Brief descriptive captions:
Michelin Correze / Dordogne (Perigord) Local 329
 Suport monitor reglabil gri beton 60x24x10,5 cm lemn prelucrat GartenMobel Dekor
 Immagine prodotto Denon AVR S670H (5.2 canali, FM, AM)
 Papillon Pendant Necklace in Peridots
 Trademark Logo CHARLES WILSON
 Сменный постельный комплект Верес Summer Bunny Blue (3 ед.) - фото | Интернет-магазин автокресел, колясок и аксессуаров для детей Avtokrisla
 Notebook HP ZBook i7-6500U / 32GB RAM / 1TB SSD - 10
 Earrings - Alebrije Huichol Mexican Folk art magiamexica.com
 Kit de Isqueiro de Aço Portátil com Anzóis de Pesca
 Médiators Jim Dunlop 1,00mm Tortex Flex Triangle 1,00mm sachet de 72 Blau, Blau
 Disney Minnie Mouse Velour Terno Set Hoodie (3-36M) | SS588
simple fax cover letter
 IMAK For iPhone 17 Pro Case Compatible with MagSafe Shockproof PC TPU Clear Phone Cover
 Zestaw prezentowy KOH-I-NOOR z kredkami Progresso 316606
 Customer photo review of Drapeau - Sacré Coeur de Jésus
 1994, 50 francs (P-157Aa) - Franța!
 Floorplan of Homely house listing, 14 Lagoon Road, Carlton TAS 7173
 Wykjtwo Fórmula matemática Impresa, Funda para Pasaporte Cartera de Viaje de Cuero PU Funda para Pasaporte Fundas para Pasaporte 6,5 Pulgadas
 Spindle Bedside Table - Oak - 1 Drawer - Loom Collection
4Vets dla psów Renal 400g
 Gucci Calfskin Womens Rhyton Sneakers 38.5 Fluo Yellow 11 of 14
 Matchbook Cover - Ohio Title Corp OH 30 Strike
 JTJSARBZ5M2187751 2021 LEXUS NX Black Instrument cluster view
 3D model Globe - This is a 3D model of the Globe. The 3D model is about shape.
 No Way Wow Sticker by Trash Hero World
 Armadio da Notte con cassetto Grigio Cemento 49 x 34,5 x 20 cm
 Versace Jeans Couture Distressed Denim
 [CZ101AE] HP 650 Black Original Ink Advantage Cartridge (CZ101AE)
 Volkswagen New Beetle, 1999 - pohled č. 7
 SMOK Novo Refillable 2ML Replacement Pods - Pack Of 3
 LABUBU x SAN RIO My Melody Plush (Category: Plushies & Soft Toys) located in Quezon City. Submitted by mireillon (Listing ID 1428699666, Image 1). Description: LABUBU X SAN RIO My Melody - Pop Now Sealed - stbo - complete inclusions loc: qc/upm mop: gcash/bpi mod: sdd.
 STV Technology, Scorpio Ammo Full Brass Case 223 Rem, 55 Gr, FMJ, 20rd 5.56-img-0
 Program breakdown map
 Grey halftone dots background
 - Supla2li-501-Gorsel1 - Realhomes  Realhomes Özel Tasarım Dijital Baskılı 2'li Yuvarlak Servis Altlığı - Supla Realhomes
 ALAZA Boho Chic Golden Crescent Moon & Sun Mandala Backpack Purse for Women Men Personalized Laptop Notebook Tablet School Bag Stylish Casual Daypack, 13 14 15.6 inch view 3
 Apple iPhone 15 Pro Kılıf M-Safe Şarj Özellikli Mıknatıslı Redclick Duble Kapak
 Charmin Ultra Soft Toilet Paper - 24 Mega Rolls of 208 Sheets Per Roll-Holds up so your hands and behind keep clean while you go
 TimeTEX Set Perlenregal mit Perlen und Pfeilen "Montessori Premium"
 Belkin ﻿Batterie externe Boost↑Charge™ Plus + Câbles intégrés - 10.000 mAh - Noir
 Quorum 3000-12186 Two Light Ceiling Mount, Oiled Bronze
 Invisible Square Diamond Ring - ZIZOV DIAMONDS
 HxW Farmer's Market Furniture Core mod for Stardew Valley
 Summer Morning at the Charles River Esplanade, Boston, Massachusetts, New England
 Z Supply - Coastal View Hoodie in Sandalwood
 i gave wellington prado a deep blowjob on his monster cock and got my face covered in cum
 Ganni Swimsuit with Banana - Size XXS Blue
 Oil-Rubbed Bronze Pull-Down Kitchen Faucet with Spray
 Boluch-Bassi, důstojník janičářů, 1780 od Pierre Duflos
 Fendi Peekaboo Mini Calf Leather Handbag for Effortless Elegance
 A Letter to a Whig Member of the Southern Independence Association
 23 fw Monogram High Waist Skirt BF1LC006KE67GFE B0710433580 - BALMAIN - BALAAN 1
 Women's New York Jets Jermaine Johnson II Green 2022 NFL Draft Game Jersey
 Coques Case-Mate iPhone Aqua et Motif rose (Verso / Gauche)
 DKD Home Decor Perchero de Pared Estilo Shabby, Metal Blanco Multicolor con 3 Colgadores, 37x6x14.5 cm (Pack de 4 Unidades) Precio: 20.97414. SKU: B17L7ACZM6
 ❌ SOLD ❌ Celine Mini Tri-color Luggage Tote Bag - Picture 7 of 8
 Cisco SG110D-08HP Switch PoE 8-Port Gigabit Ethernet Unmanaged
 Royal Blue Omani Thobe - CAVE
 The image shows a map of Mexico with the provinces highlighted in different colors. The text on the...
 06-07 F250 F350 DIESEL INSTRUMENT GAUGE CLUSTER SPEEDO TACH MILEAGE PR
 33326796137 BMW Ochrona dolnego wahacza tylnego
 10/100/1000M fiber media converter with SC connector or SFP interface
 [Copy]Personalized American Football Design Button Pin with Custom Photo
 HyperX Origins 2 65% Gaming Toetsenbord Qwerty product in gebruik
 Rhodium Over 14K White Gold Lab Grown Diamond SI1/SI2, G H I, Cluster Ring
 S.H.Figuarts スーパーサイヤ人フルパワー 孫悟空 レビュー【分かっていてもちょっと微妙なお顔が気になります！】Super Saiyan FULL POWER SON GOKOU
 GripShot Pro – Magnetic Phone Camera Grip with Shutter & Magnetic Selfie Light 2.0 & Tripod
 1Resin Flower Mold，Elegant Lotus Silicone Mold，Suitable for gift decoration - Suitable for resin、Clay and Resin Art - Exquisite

WORK ORDER:
All that is wanted is the stretch of lines above from the one containing "Matchbook Cover - Ohio" through the one containing "Grey halftone dots background", duplicated exactly.

THE ANSWER:
 Matchbook Cover - Ohio Title Corp OH 30 Strike
 JTJSARBZ5M2187751 2021 LEXUS NX Black Instrument cluster view
 3D model Globe - This is a 3D model of the Globe. The 3D model is about shape.
 No Way Wow Sticker by Trash Hero World
 Armadio da Notte con cassetto Grigio Cemento 49 x 34,5 x 20 cm
 Versace Jeans Couture Distressed Denim
 [CZ101AE] HP 650 Black Original Ink Advantage Cartridge (CZ101AE)
 Volkswagen New Beetle, 1999 - pohled č. 7
 SMOK Novo Refillable 2ML Replacement Pods - Pack Of 3
 LABUBU x SAN RIO My Melody Plush (Category: Plushies & Soft Toys) located in Quezon City. Submitted by mireillon (Listing ID 1428699666, Image 1). Description: LABUBU X SAN RIO My Melody - Pop Now Sealed - stbo - complete inclusions loc: qc/upm mop: gcash/bpi mod: sdd.
 STV Technology, Scorpio Ammo Full Brass Case 223 Rem, 55 Gr, FMJ, 20rd 5.56-img-0
 Program breakdown map
 Grey halftone dots background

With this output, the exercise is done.